=== RECORDED INFORMATION ===

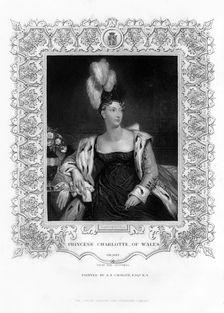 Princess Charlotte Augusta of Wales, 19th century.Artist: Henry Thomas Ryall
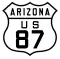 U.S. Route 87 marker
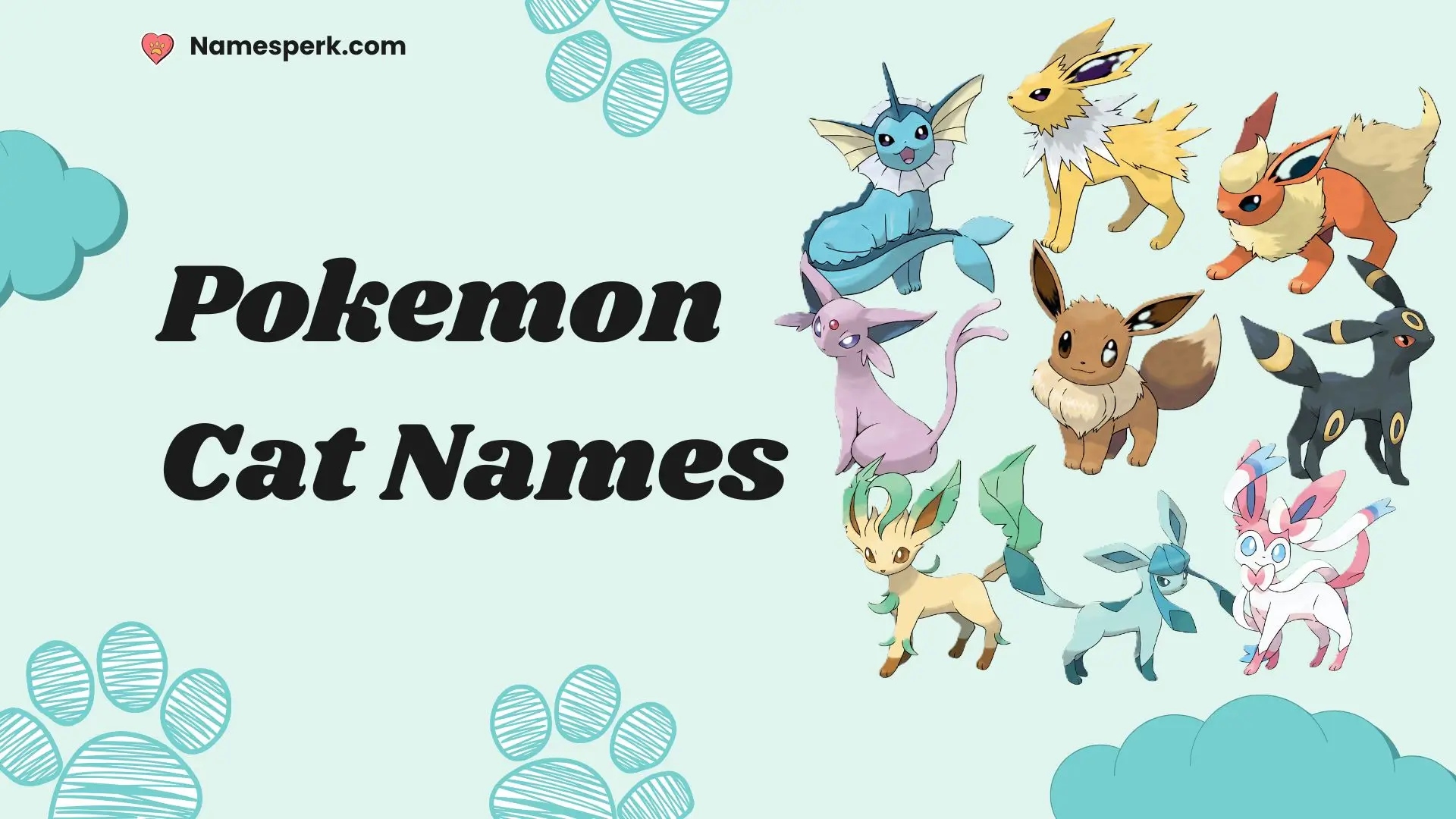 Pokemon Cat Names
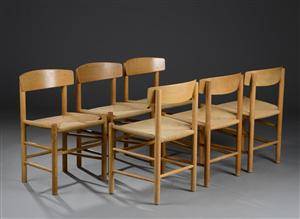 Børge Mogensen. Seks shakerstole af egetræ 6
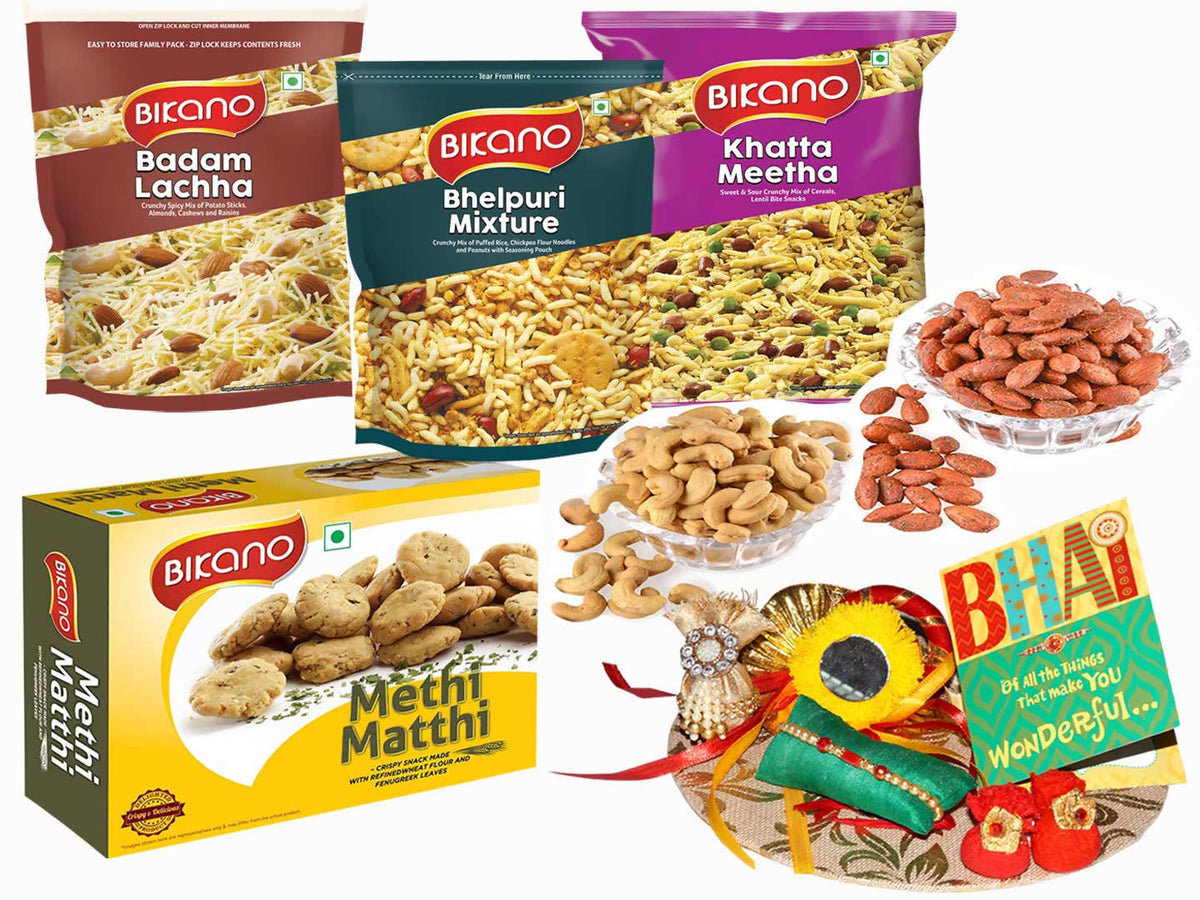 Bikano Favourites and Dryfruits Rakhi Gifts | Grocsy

=== EXERCISE ===
When you write out the data, keep every line exact and drop the pictures.

=== RESPONSE TO THIS EXERCISE ===
 Princess Charlotte Augusta of Wales, 19th century.Artist: Henry Thomas Ryall
 U.S. Route 87 marker
 Pokemon Cat Names
 Børge Mogensen. Seks shakerstole af egetræ 6
 Bikano Favourites and Dryfruits Rakhi Gifts | Grocsy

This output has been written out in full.